There was also the historic 'curse of Tutankhamun' playing on people's minds, rumoured to bring dire punishment to anyone who disturbs a Pharaoh's tomb.

The curse was blamed for the mosquito bite that infected Lord Carnarvon and led to his death, along with several other bizarre and mysterious incidents.

"We didn't have any deaths but Amy Wren (Carnarvon's daughter, Lady Evelyn) was bitten by a spider, quite seriously," says Max. "But she recovered incredibly fast."

Irons, the son of actors Jeremy Irons and Sinead Cusack, was delighted to be working with New Zealand actor Sam Neill, even though he was once rude about his voice as a child.

"It was pretty special working with him," says Irons of Neill. "He is one of the funniest men in the world. My mother is an actress and when I went to boarding school I was quite home sick and so she used to call me every now and then.

"One day, when I was about 10, she called from Australia where she was working with Sam Neill, and asked if I wanted to speak to him.

"I said, 'OK' and she put him on the line and he said hello and asked how I was and then when he passed me back to mother I said, 'That man has the most boring voice in the world'.

"But I can now say that he doesn't have a boring voice. He has got one of the best voices. I told him the story and he gave me one of his smiles."

For his part, Neill enjoyed working with Irons.

"I know both his parents and he is a lovely fellow – very well brought up and a very good actor," Neill says.

"I found Carnarvon interesting and liked him. He was in Egypt at the time for health reasons. He had a bad leg and the heat suited him.
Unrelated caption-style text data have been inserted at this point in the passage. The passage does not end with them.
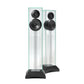 WATERFALL AUDIO IGUASÇU XT – ENCEINTES COLONNES EN VERRE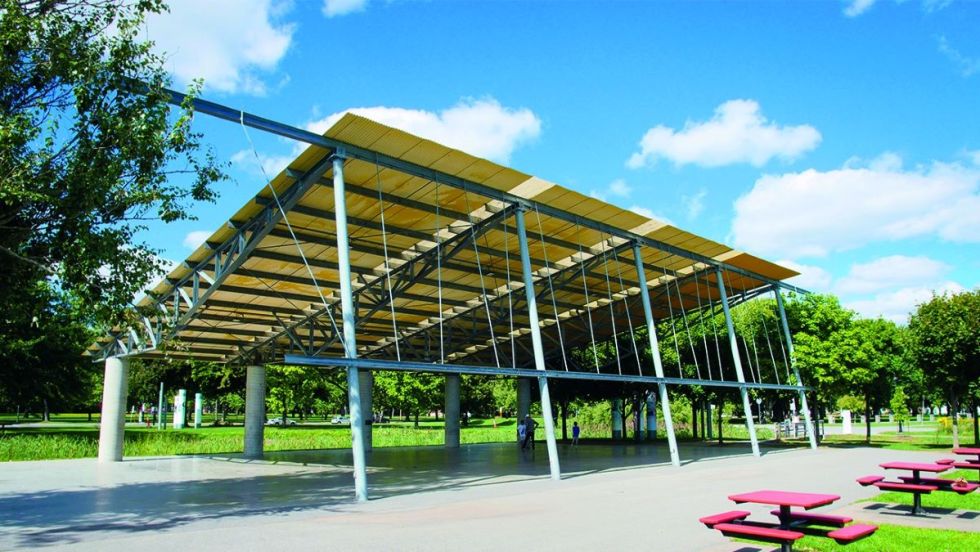 îlot John-Gallagher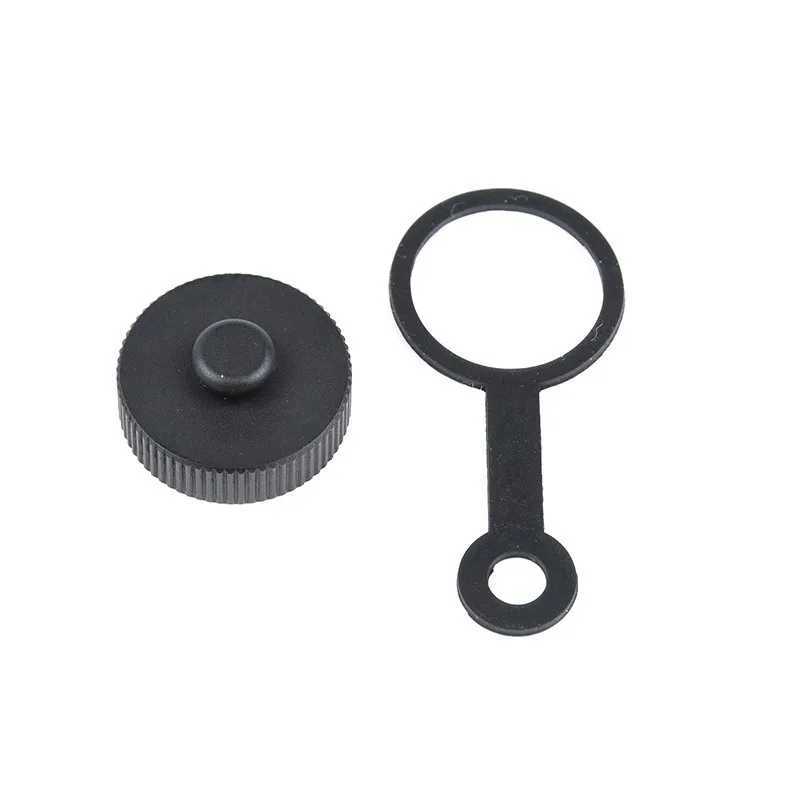 Tactical PEQ15 PEQ-15 Laser Spare Replace Base Front Lamp Cover Battery Rear Cover Airsoft Hunting Rif Battery Box AccoriesXJ241214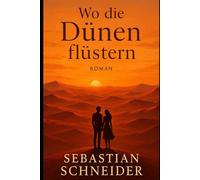 Wo die Dünen flüstern: In der unendlichen Weite der Namib-Wüste, wo die Stille nur vom Flüstern des Windes durchbrochen wird, prallen zwei verlorene Seelen aufeinander.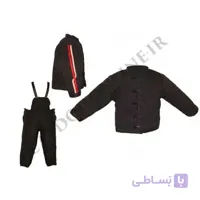 لباس کامل آموزش سگ های نژاد بزرگ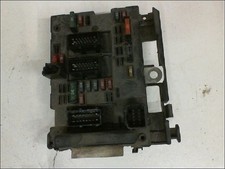 BSM (BOITIER SERVITUDE MOTEUR) occasion PEUGEOT 307 Phase 1 SW - 2.0 HDi 110ch -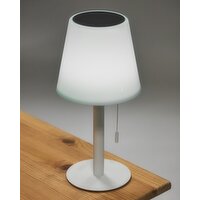 Solar LED Table Lamp Multi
"So he found himself in Egypt with no particular interest in archaeology but then became increasingly intrigued by what was going on because it was all the rage at that time. Everyone was looking for tombs and he got caught up in it.

"It's a bit like me and my wine-making business. I've been drinking it for half a century but discovering wine in a profound sense and growing wine has been the extraordinary discovery for me."

Tutankhamun, Prime, starts Tuesday December 13.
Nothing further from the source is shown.